Friday, April 13, 2007

Personal Moments Around Holy Week:Looking Back

Friday, Week Before:

At a practice for First Reconciliation with the 2nd graders, a student is asked to make up an example of a sin to confess. He says “I broke a neighbor’s window playing ball.”
“Did you do this on purpose?” the teacher asks.
“No.”
She turns to the whole class and says, “Remember, class, sins are not accidents. Sins are bad choices we make.”
That will be running through my head throughout Holy Week. I toy with the idea of composing a litany of my bad choices, but quickly dismiss the idea.


Palm Sunday:

Weather has always been connected to Palm Sunday for me. (Any “Palm Sunday Tornados” or “Palm Sunday Hurricanes” in your lifetime?) Palm Sunday morning was chilly but sunny, until just before our outdoor procession, when the Chicago winds really did kick in. Everything, including the outdoor sound system, had to be secured. During the passion reading you could hear the wind roaring.
Then for the next mass and the rest of the day, it was cold, windy and rainy. That evening, after vespers, the full moon kept coming out from behind the rapidly moving clouds. From sunny “Hosannas” to the bitter, cold “Crucify Him” to the eerie “It is finished”, in one day.


Holy Thursday:

9:30 in the morning: The Pastor, reenacting the Last Supper with the school children, washes the feet of a tiny preschooler who is “Peter”(shaking off Jesus: ”You will never wash my feet!”)He is so small the shortest server robe drags on the floor. The teachers had to convince him only a special person like Peter gets to wear a rope around his waist.

7:30 in the evening: The Pastor, at evening mass, escorts Mrs.Metz (the oldest active patrishoner--- still walks to church every Sat. afternoon) from the first pew to one of the chairs set up in front. He helps take off her shoes and stockings, and washes her feet. The 90-some year old holds her head high and beams with a quiet dignity.


Good Friday:

I have noticed ever since Mel Gibson’s “Passion”, the “Via Cruces” and other Passion Plays down public streets seem to be escalating and emphasizing the violent side of the story. The bloodiest drama seems to be the goal.
I know all about the importance of catharsis in cultures, but I’m just not that into enactments of Christ’s suffering. For one thing, you’ll never be able to show His inner anguish no matter how much fake blood you buy. How about reenacting the “No Greater Love” part? I guess I could get into a reenactment of “Jesus forgives the Woman Accused of Adultery”(all the accusers drop their stones and go home when reminded of their sins.) Or every family reenacting “The Prodigal Son” and welcoming back the wayward family member they have ostracized. If I want blood-and-gore, I put on my copy of “Bride of Chuckie.”


Easter Vigil

Our Easter Vigil takes a long time ----an eternity, some would say ---
no shortcuts or edits, we use all seven readings and psalms in the vigil, and this year some 30 confirmations.

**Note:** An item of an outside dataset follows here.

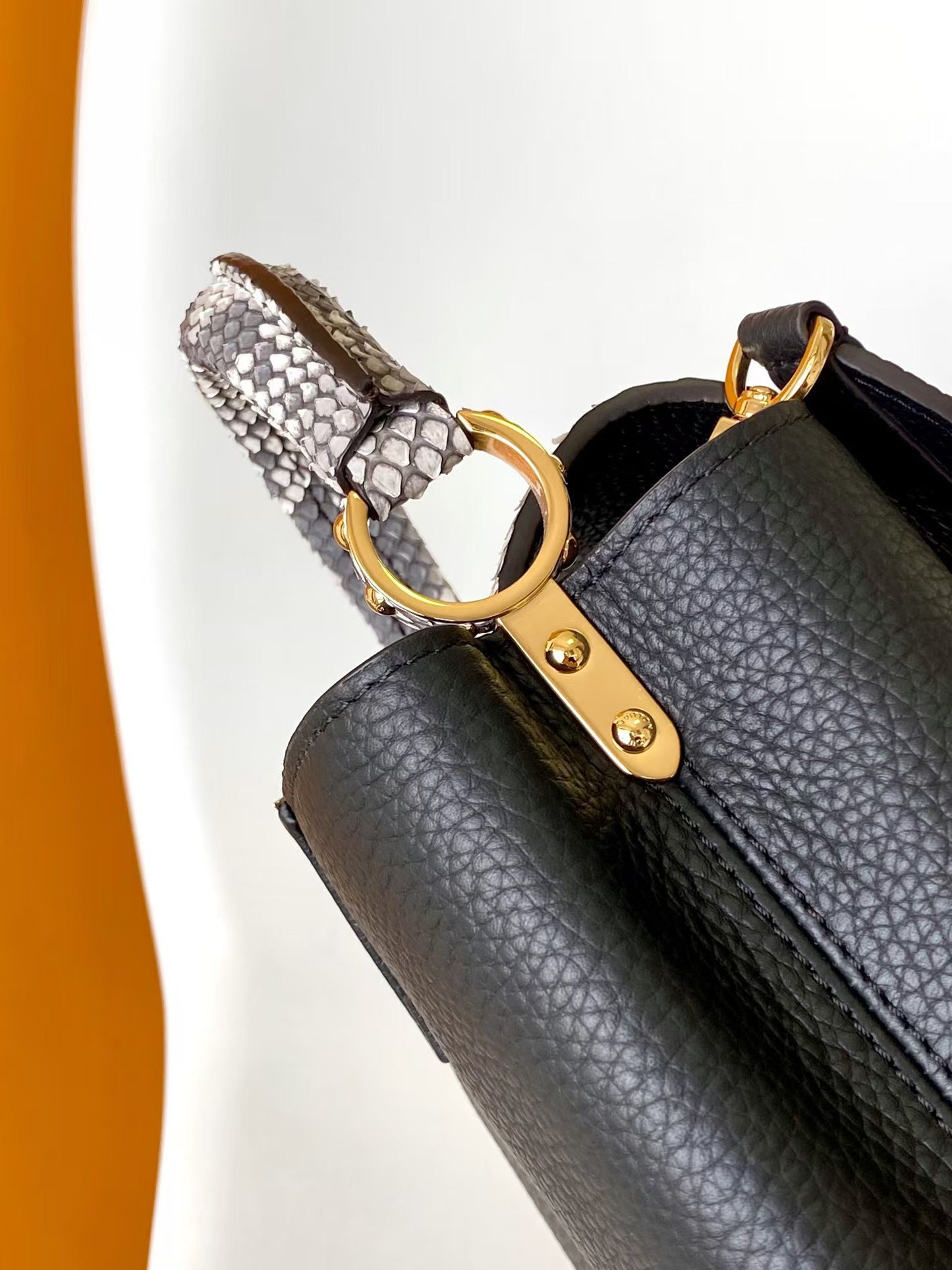 Louis Vuitton Black Leather Top Handle Handbag with Snakeskin Detail and Shoulder Strap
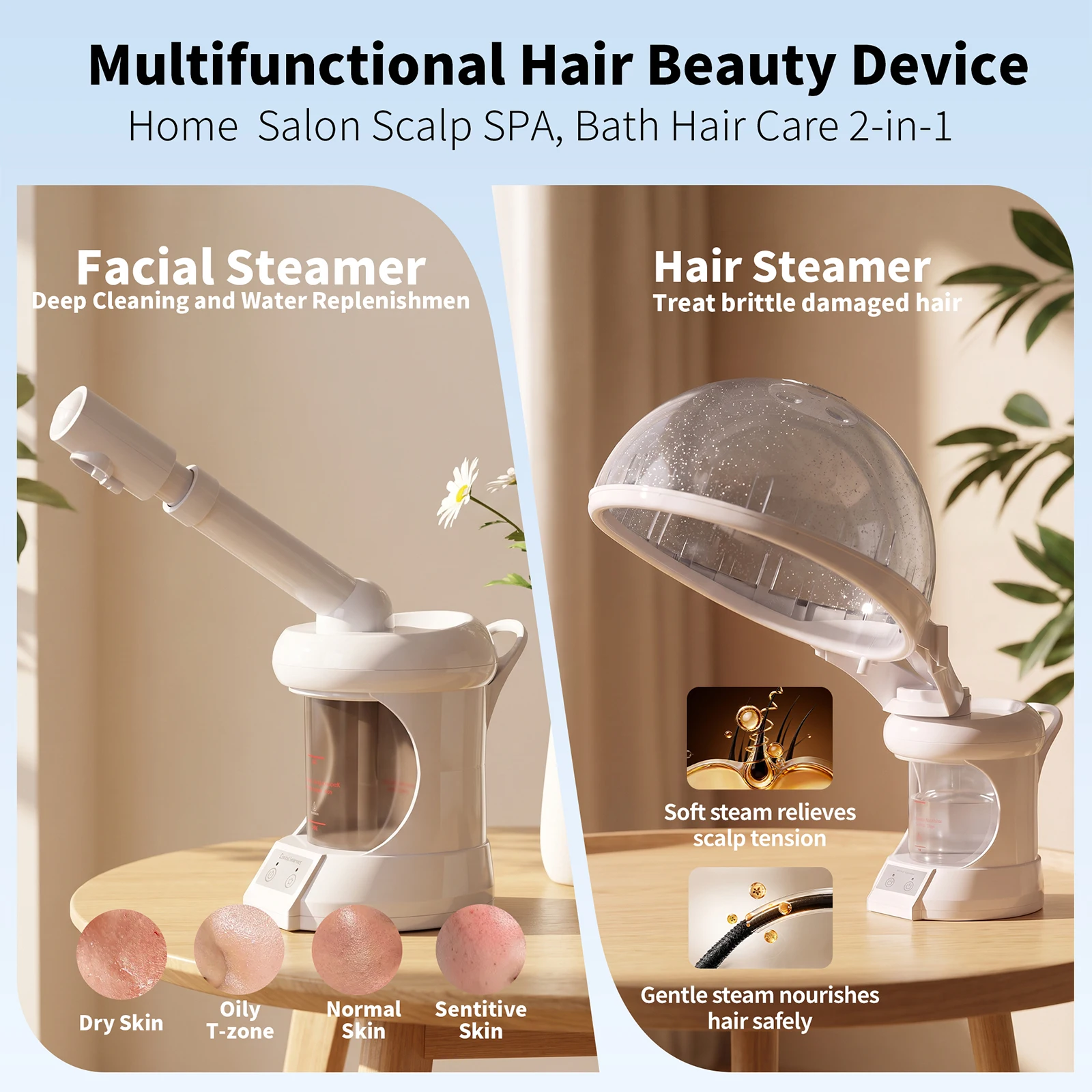 2-in-1 Facial and Hair Steamer - đánh giá và giá Facial Steamer Nano Ionic Hot Mist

The first thing I tell my choirs before we start the vigil is to take off their watches. For this rite, it’s like time is suspended.[Juan, the director of our Coro, reminds us to turn off the cellphones,too: "If God is going to call us here, he's not going to use the phone."] We move from ancient ritual to ancient ritual, using fire and water, light and darkness, and sit around the Easter fire and tell the same stories and sing the same songs our ancestors did thousands of years ago.

And like fireworks going off around the world on New Year’s Eve, “Alleluia” is sung and shouted from one time zone to another, encircling the globe with the message that good is stronger than evil, and love does not fail.